Перед самоубийством Маяковский написал несколько таинственных, обжигающих своей силой стихотворных фрагментов. Они похожи на трудную обрывающуюся исповедь. Сокровенную, в отличие от ставшего каноническим текста «Во весь голос» — тот больше напоминает свою вариацию на тему пушкинского «Памятника».

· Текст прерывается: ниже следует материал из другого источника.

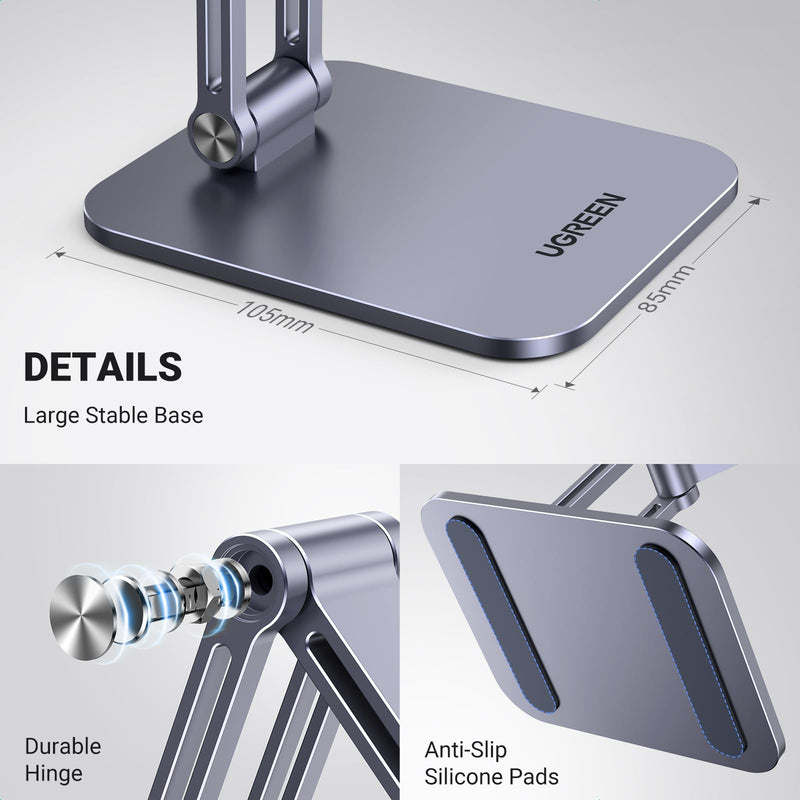 UGREEN Magnetic Phone Stand Compatible with MagSafe iPhone Stand for Desk Ergonomic Design Adjustable, Aluminum Cell Phone Stand Compatible for iPhone 15 14 13 12 Pro Max and MagSafe Case, Grey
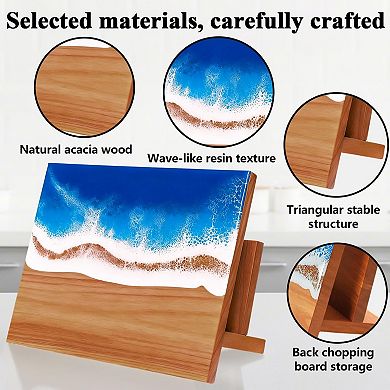 Acacia Wood Freestanding Magnetic Knife Holder with Cutting Board Storage, Kitchen Knife Stand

Я знаю силу слов, я знаю слов набат.
Они не те, которым рукоплещут ложи.
От слов таких срываются гроба
шагать четверкою своих дубовых ножек.
Бывает, выбросят, не напечатав, не издав,
но слово мчится, подтянув подпруги,
звенит века, и подползают поезда
лизать поэзии мозолистые руки.
Я знаю силу слов. Глядится пустяком,
опавшим лепестком под каблуками танца,
но человек душой губами костяком…
Все это очень похоже на «помяни меня, Господи, когда приидешь в Царствие Твое!». Это про воскресение. Это про «Лазарь, выходи!». Все это высказано языком советского блогера, в котором нет слов для молитвы. И поэт прибегает к единственному языку, которым уверенно владеет — языку метафор. Его предсмертная немота действительно красноречива, как набат. Надеюсь, что он был услышан.